Je croise les bras et le regarde, en colère. Je ne peux pas perdre plus de temps, même si, à en juger par le regard qu'il porte sur son pantalon, ce n'est pas du tout une perte de temps.
Je me gifle dans mon esprit pour cet événement. Je ne sais plus si je lui rends service ou si je me fais plaisir.
-Voyons, comment te l'expliquer, ma jolie. -Sa façon de murmurer les mots m'enflamme le sang... et me donne envie de le manger maintenant.
Je sais que mes yeux me trahissent, je le sais parce qu'il se rapproche de moi. La lueur dans son regard est une pure malice charnelle. Il me conditionne à bouger jusqu'à ce que mes jambes se heurtent au bord du lit. Sans le prévoir, je tombe à la renverse. Dans ma tentative de me relever pour ne pas lui donner d'avantage ou de malentendu, il se place au-dessus de moi et me prend les mains. D'une main, il les serre au-dessus de ma tête. J'ai beau essayer de les bouger et de me libérer, je n'y arrive pas. Foutus petits poignets.
-Tu ne comprends toujours pas qui contrôle la situation, ma belle.
Qu'est-ce que tu crois faire ? Laisse-moi me lever", lui crache-je dessus, mais il ne bronche même pas.
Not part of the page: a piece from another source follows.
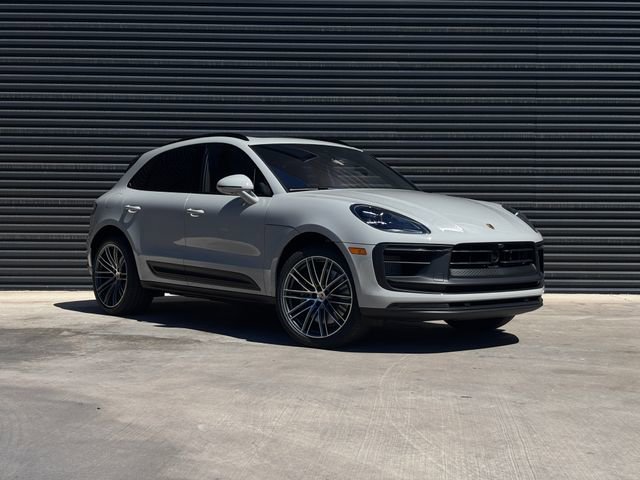 New 2026 Porsche Macan GTS AWD/4WD image 9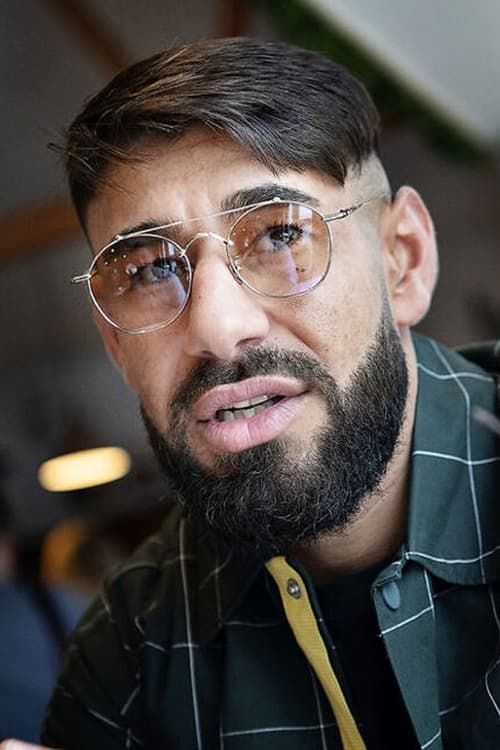 Ali Sivandi as Semion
Pour le faire à votre façon ? Avec vos règles absurdes et votre contrat insensé ? N'avez-vous jamais enfreint les règles ? Personne n'est-il jamais venu vous faire enfreindre les clauses ?
Je le regarde et je presse mes lèvres l'une contre l'autre.
Il se trouve au milieu de mes jambes.
Mes mouvements sont vains. J'aurais pu lui donner un coup de pied dans les testicules, mais il s'est bien débrouillé tout seul en étant comme ça. Je reste immobile pour voir si cela va le fatiguer et le faire se détacher de moi. Son odeur m'enivre et je la respire à pleins poumons. Je n'arrive pas à coordonner la moindre pensée. Mes yeux sont rivés sur les siens. Je suis la proie de son corps et de son magnétisme diabolique.
-Voyons si tout est clair. -Il passe sa main libre le long de mes cuisses et écarte doucement ma culotte. Il sent l'humidité.
Mes yeux s'écarquillent devant l'intrusion et la violation de mon corps. Il me regarde, satisfait, et sourit à moitié.
Merde.
Je pousse mes hanches vers le bas pour intensifier le contact.
Tout comme il est monté sur moi, il est descendu avec la même agilité.
Je me lève et m'appuie sur mes coudes. Je ne sais pas quoi dire. Je n'arrive pas à trouver une seule idée cohérente pour le faire sortir d'ici ou pour me posséder comme personne ne l'a jamais fait de toute ma vie.
-Et après ? -Il se dirige vers la porte. J'ai envie de lui crier de ne pas partir et de venir finir ce qu'il a commencé. On est d'accord ? -Il me surprend.
[Non].
Oui", réponds-je en le regardant dans les yeux.
Bon sang de bonsoir.
Je viens de faire un pacte avec le diable en personne.